Hawking has since signed up to fly to the edge of space next year as one of Sir Richard Branson's first space tourists aboard the Virgin Galactic spacecraft.

His progressive disease has left Hawking reliant upon a computer screen and a voice synthesiser to communicate. His cultural reach has led to appearances in The Simpsons, Futurama and Star Trek: The Next Generation.

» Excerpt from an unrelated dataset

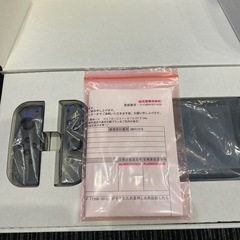 【中古・美品】Nintendo Switch 本体の画像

Motor neurone diseases steadily destroy the nerves that control muscles. Doctors usually give patients three years to live after their first symptoms appear. Hawking, who is thought to have amyotrophic lateral sclerosis (ALS), is one of the world's longest-surviving MND patients and has round-the-clock care from a team of nurses.

Brian Dickie, director of research at the Motor Neurone Disease Association, said only 5% of people diagnosed with ALS survive for 10 years or longer. Hawking "is at the extreme end of the scale when it comes to survival", Dickie said.

Peter Haynes, head of the department of applied mathematics and theoretical physics, said: "Professor Hawking is a remarkable colleague. We all hope he will be amongst us again soon."

Hawking was born in Oxford and grew up in St Albans, Hertfordshire. He studied at Oxford University before moving to Cambridge to carry out research in cosmology. He was awarded the CBE in 1982, made a Companion of Honour in 1989 and is a fellow of the Royal Society.